6. Le moyen tiré de l'incompatibilité du VI de l'article L. 441-6 du code du commerce, dans sa rédaction issue de la loi du 17 mars 2014, avec les stipulations de l'article 6 de la convention européenne de sauvegarde des droits de l'homme et des libertés fondamentales, en ce qu'il permet à la même autorité administrative de constater les manquements et de prononcer une sanction pécuniaire, ne peut être utilement invoqué à l'encontre de la décision en litige dès lors qu'elle a été prise sur le fondement de l'article L. 443-1 du code du commerce à l'issue de la procédure prévue par l'article L. 465-2, dans sa rédaction issue de la loi du 17 mars 2014 du même code.

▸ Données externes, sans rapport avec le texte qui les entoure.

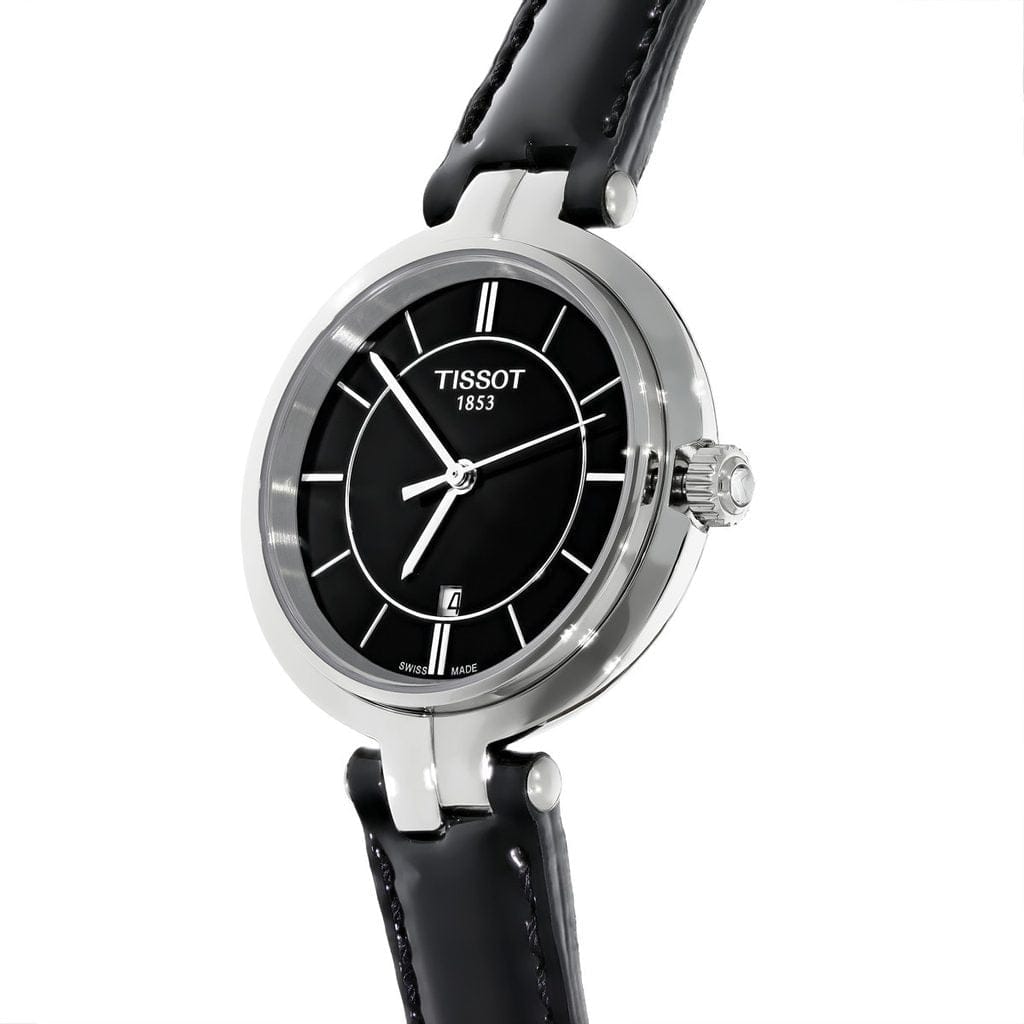 Buy Shop Tissot T Lady Flamingo Black Dial Black Leather Strap Watch For Women - T094.210.16.051.00 USA Online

7. En admettant même, eu égard à l'argumentation développée par la société Alsace Croisières, qu'elle puisse être regardée comme contestant la compatibilité de la procédure prévue par l'article L. 465-2 du code du commerce avec les stipulations de l'article 6 de la convention européenne de sauvegarde des droits de l'homme et des libertés fondamentales, lequel est opérant dès lors que la procédure tendant au prononcé d'une sanction pécuniaire sur le fondement de l'article L. 443-1 du code du commerce constitue une accusation en matière pénale au sens dudit article 6, la procédure de sanction n'a pas à respecter l'ensemble des stipulations de cet article. En effet ni les agents de la DIRECCTE, ni son directeur compétent pour prendre la sanction, qui s'inscrivent dans une hiérarchie, ne peuvent être regardés comme un tribunal au sens de cet article 6. Par ailleurs, cette sanction peut faire l'objet d'un recours de plein contentieux devant la juridiction administrative, devant laquelle la procédure est en tous points conforme aux exigences de l'article 6.
8. La société Alsace Croisières justifie le dépassement des délais de paiement de ses fournisseurs par la difficulté à obtenir les bons à payer des services ou bateaux qui ont passé une commande, l'existence de litiges portant sur la qualité ou la quantité des produits livrés et l'envoi par ses fournisseurs de la facture bien après son établissement. Outre qu'elle n'établit pas ses allégations, ces circonstances ne remettent pas en cause la matérialité des faits, qu'elle a par ailleurs reconnue, ni par suite l'existence de l'infraction.
9. Pour fixer le montant de l'amende de 21 300 euros, l'administration a pris en compte le nombre de fournisseurs concernés par le retard de paiement, le nombre de jours moyens de dépassement du délai de paiement et l'avertissement dont la société Alsace Croisières avait déjà fait l'objet à raison de faits analogues en 2012. Dès lors, le montant de l'amende infligée à cette société n'est pas disproportionné, quand bien même ce retard n'aurait pas eu d'incidence sur la situation économique de ses fournisseurs et que les manquements représentent moins de 1 % du volume de ses achats.
Sur les frais de l'instance :
10. La présente instance n'a pas donné lieu à des dépens. Les conclusions de la société Alsace Croisières tendant à ce que les dépens soient mis à la charge de l'Etat par application de l'article R. 761-1 du code de justice administrative ne peuvent dès lors qu'être rejetées.
11. Les dispositions de l'article L. 761-1 du code de justice administrative font obstacle à ce que soit mise à la charge de l'Etat, qui n'est pas la partie perdante dans la présente instance, la somme que la société Alsace Croisières demande au titre des frais exposés et non compris dans les dépens.
DECIDE :
Article 1er : Le jugement du tribunal administratif de Strasbourg du 14 mars 2018 est annulé.
Article 2 : La demande de la société Alsace Croisières est rejetée.
Article 3 : Les conclusions présentées par la société Alsace Croisières sur le fondement des articles R. 761-1 et L. 761-1 du code de justice administrative sont rejetées.
Article 4 : Le présent arrêt sera notifié à la société Alsace Croisières et au ministre de l'économie et des finances.